Revanche, mágoa e vingança tem o mesmo gosto amargo, mas tem que goste. Pra muitos é prato que se come frio, mas para o chef Slowick (Ralph Fieness - o eterno Voldemort de Harry Potter) trata-se uma refeição com vários pratos de altíssima gastronomia que escondem anos de mágoa delicadamente confitadas em ódio e rancor.
No excelente "O Menu", o cozinheiro estrelado é dono de um restaurante mais do que sofisticado que não oferece apenas comida, mas uma experiência sensorial para um grupo mínimo de clientes previamente selecionados e dispostos a pagar pouco mais de mil dólares para sentar à mesa.
O jantar se inicia pelo traslado dos comensais para a ilha onde o restaurante abre as portas todos os dias somente para o jantar. Na fatídica noite em que se desenrola a ação, o jantar consta de sete pratos cujos ingredientes são produzidos na própria ilha. A cada receita servida, os convidados (e o espectador) vão ficando de boca aberta literalmente. O ápice do cardápio não é nem de longe uma cesta de pães sem pão... Très chic é pouco!
"O Menu" é um dos filmes mais intrigantes da safra de 2022. Fui levado ao cinema justamente pelo título e esperava assistir a uma produção interessante como a grande maioria de filmes sobre gastronomia o são. Fui surpreendido com uma narrativa tensa, rodeada de mistérios e sequências de cenas chocantes e incômodas temperadas com pitadas de comédia.
A atmosfera criada pelo diretor Mark Mylod (Succession, GoT, Shameless) é propositalmente densa. Na tentativa de entender a ação, cheguei a pensar que clientes, chef e equipe fazem parte de algum culto secreto que pratica canibalismo...
Os convidados, por si só, já despertam curiosidade: um foodie e sua companhia que não liga pra gastronomia, um casal de ricaços esnobes e em crise, dois críticos de restaurantes, entre outras figuras bastante peculiares. Apenas um deles não terá que pagar a conta amarga no final da noite...
"O Menu" é uma salada muito bem temperada de crítica aos exageros da gourmetização da comida e seus defensores. Desossa o glamour dos bastidores da gastronomia e seus personagens com egos inflados - a servidão com que os membros da equipe atendem aos comandos do chef, é angustiante. Do sous-chef ao lavador de pratos, todos ali estão dispostos a fazer absolutamente tudo pelo frio e esquisitão Slowick.

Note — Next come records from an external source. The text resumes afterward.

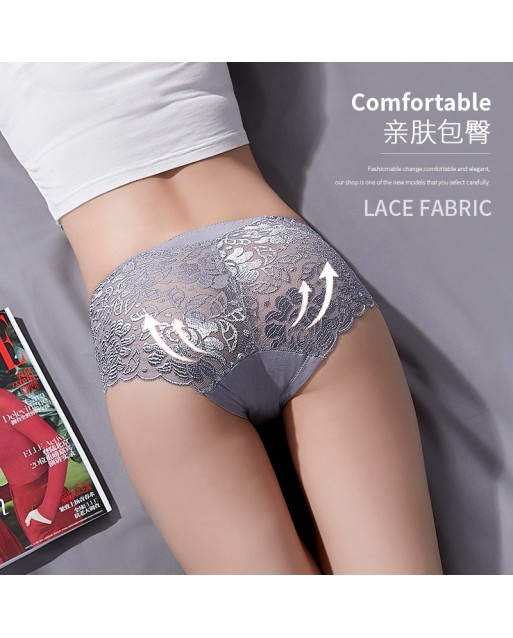 Plus Size Mid Waist Sexy Lace Grey Panty JB0079PGY (XL / 2XL / 3XL )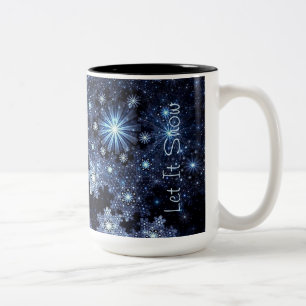 Wintery Blue Snowflake Pattern Tasse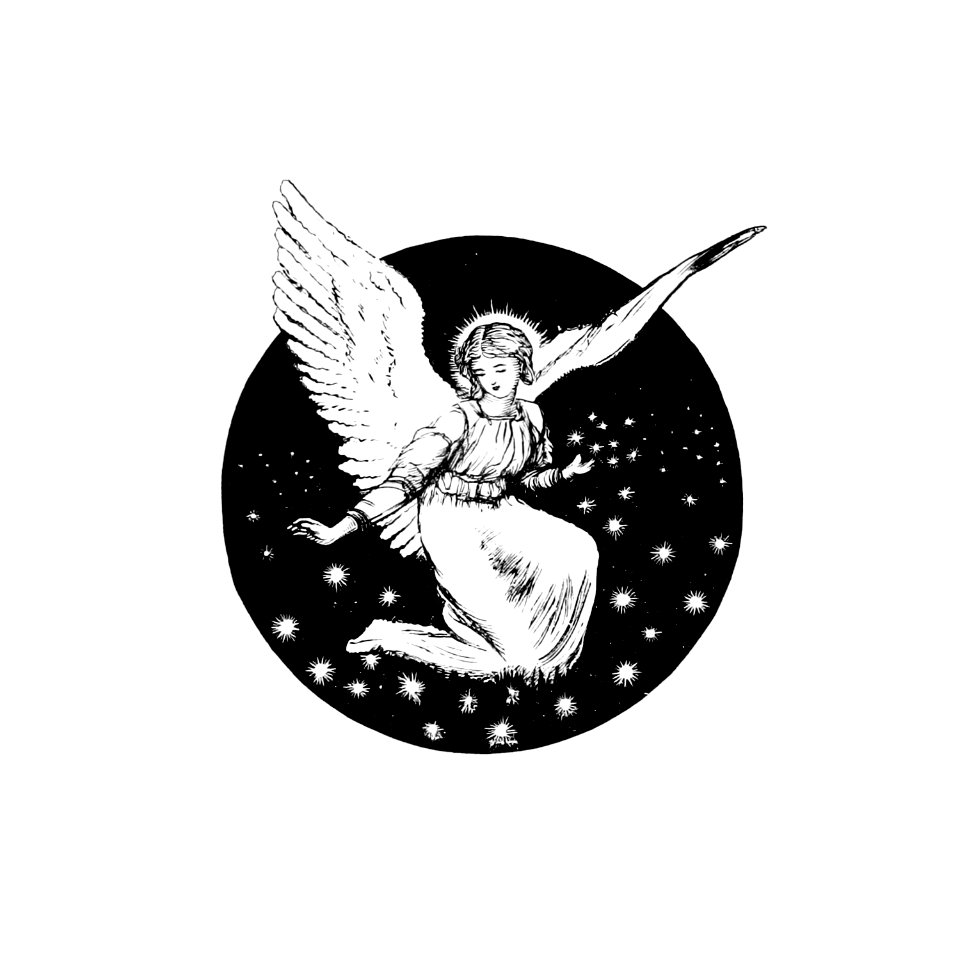Vintage Victorian style angel engraving.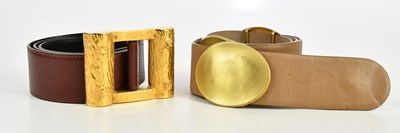 Lot 718 - PALOMA PICASSO; a dark tan leather belt with...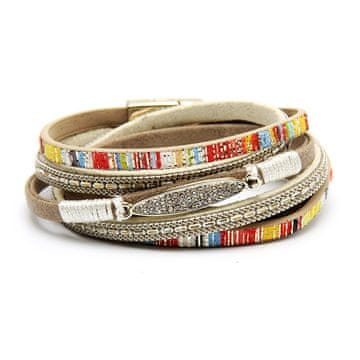 Ženska BOHO narukvica u kaki boji s privjeskom od pera i magnetom, 19,5 cm
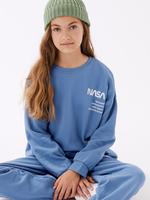 Kız Çocuk Mavi Yuvarlak Yaka NASA™ Sweatshirt (6-16 Yaş)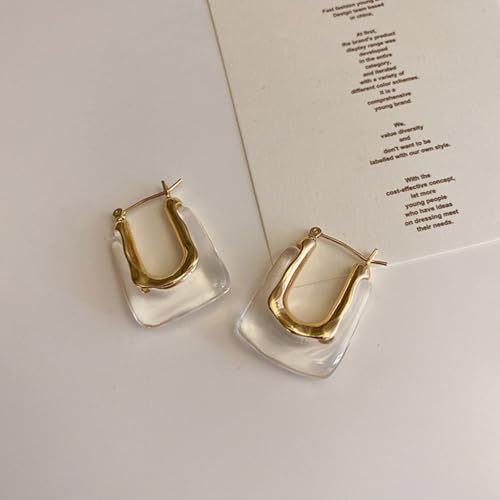 Clear Hoop Earrings for Women Gold Chunky Resin Earring Colorful Enamel Huggie Earrings Geometric Crystal Hoop Earrings Chunky Statement Trendy Jewelry - color: clear
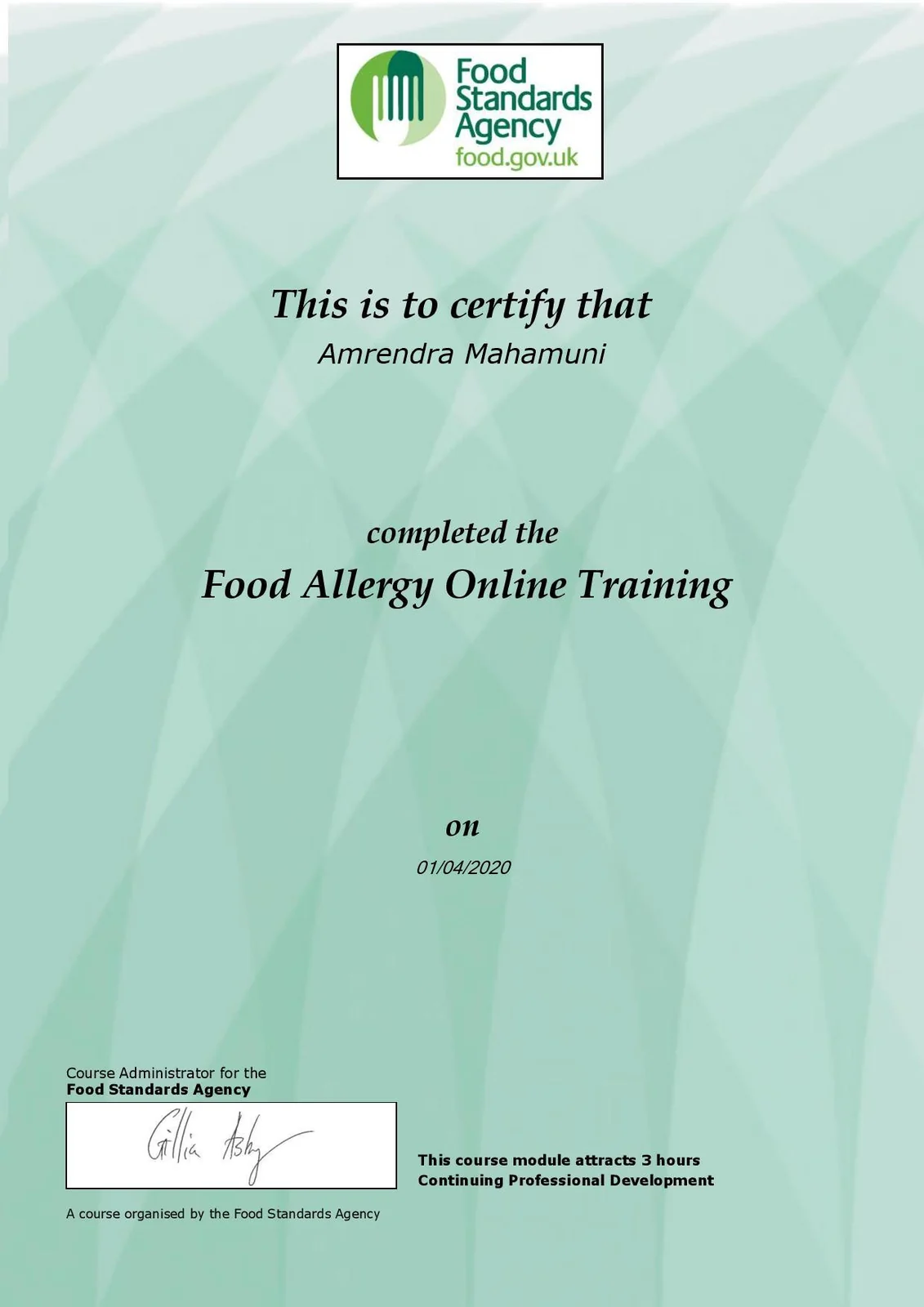 Food Allergy Training Certificate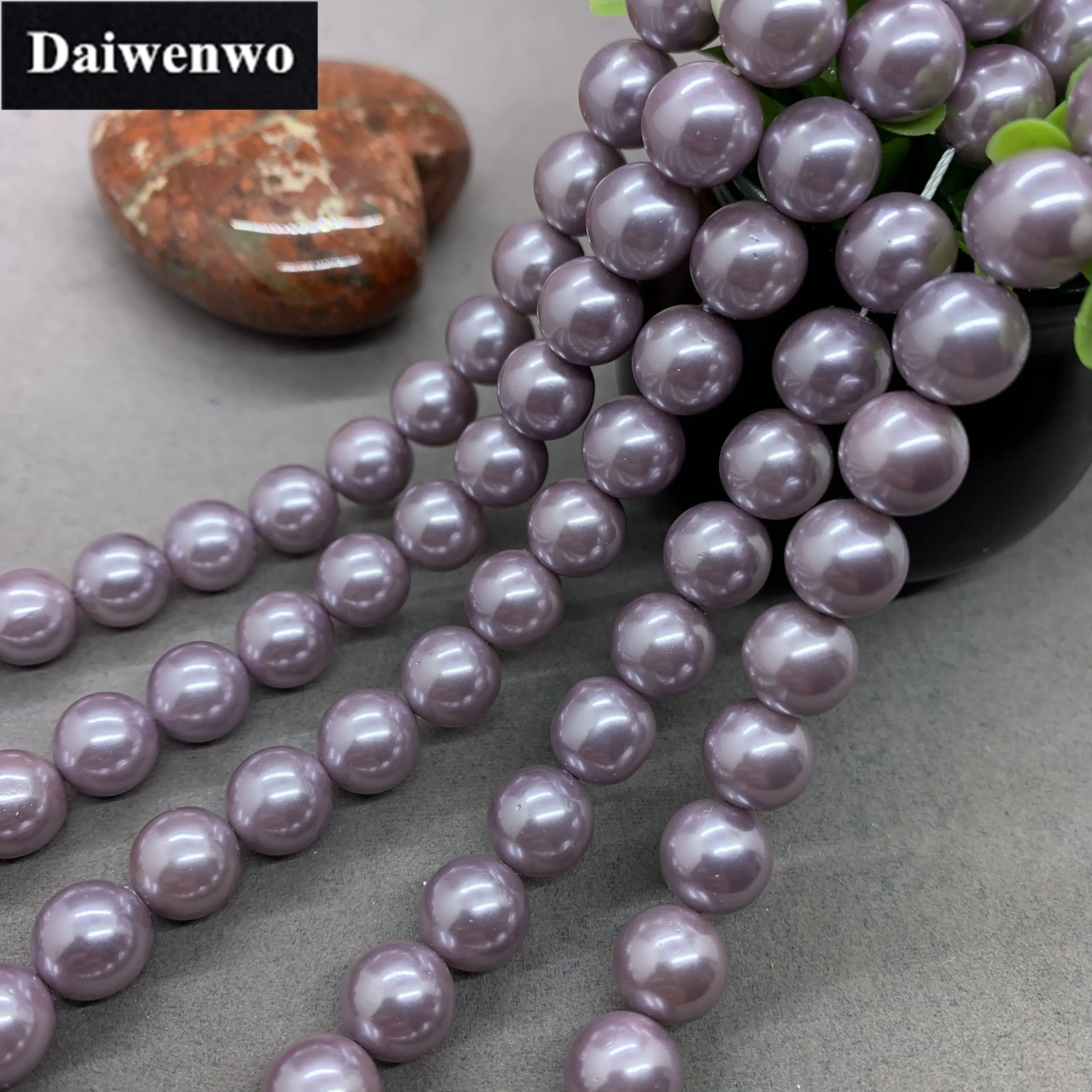 Natural Plating Purple Ocean Shell Pearl Bead 6-12mm Round Loose DIY for Jewelry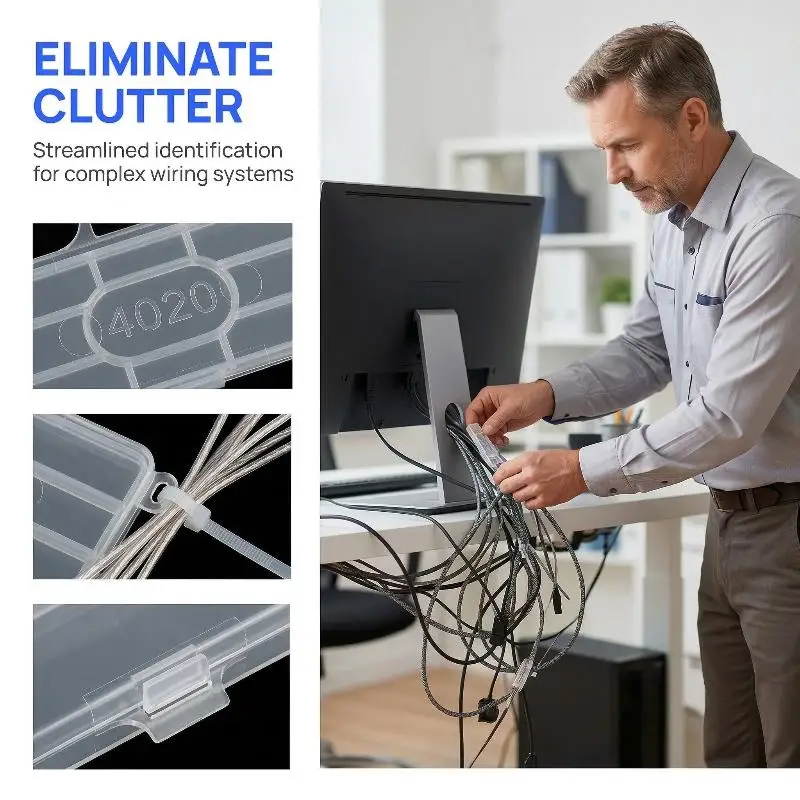 50Pcs Set Transparent Case For Efficient Wire Organization In Home Office Workshop Plastic Cable Tie Marker Tags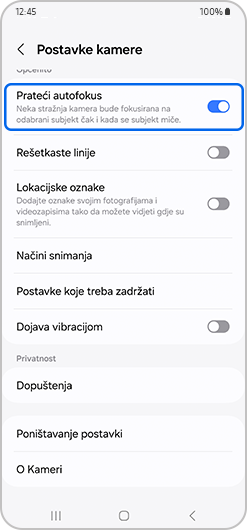 fokusiranje kamere deaktiviranje automatskog fokusiranja s praćenjem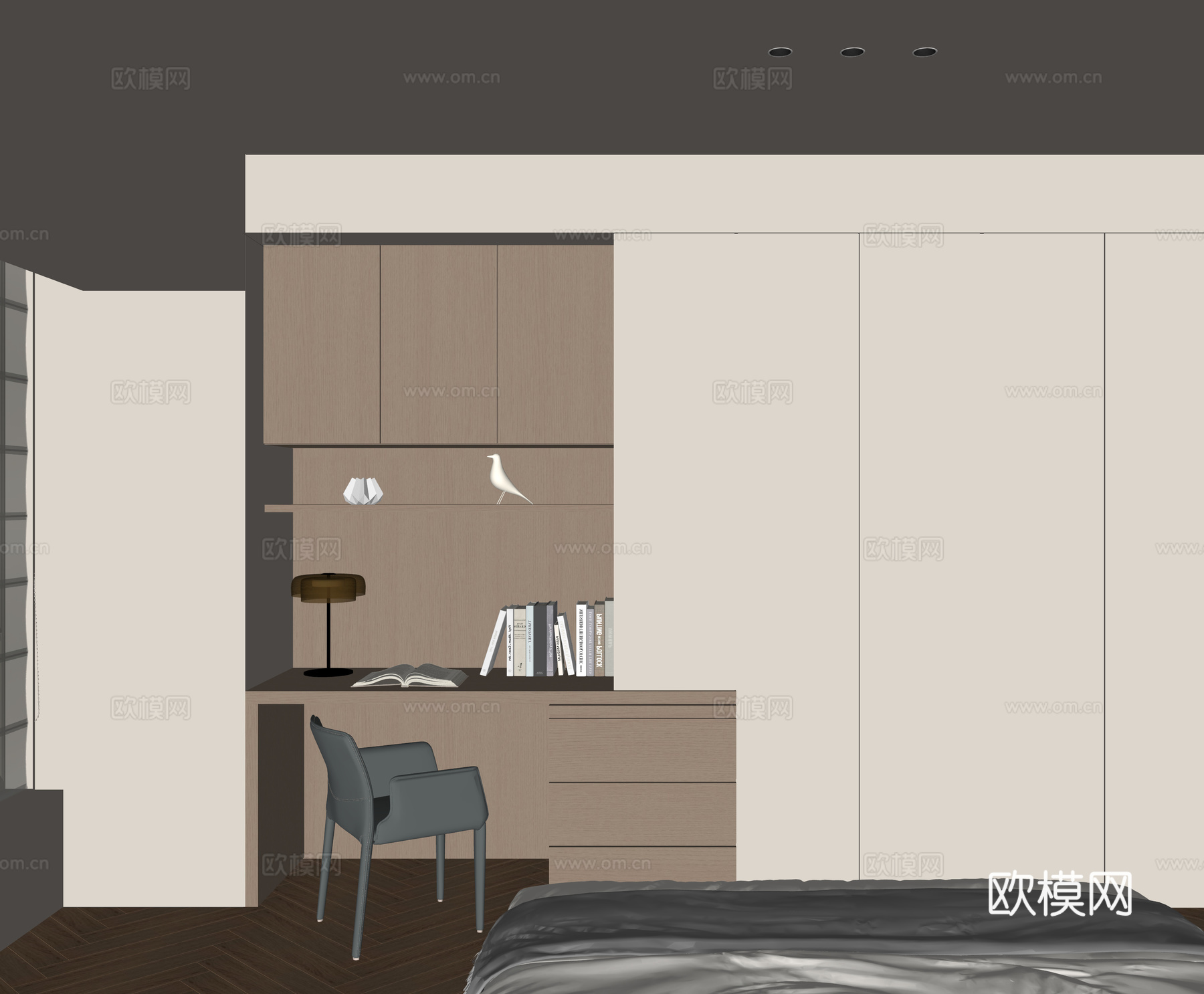 现代书桌一体柜su模型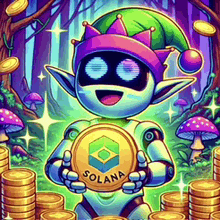 a robot holding a coin that says solana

O filme, que tem Anna Taylor-Joy (O Gambito da Rainha) Nicholas Hault (X-Men Origins) como atores principais, deixa um retrogosto bom na boca para lembrar que cinema não é apenas Marvel e DC e sim um arte que está sempre propondo uma discussão sobre a condição humana. Sob pro mezanino com louvor.
"O Menu" está disponível no Star Plus.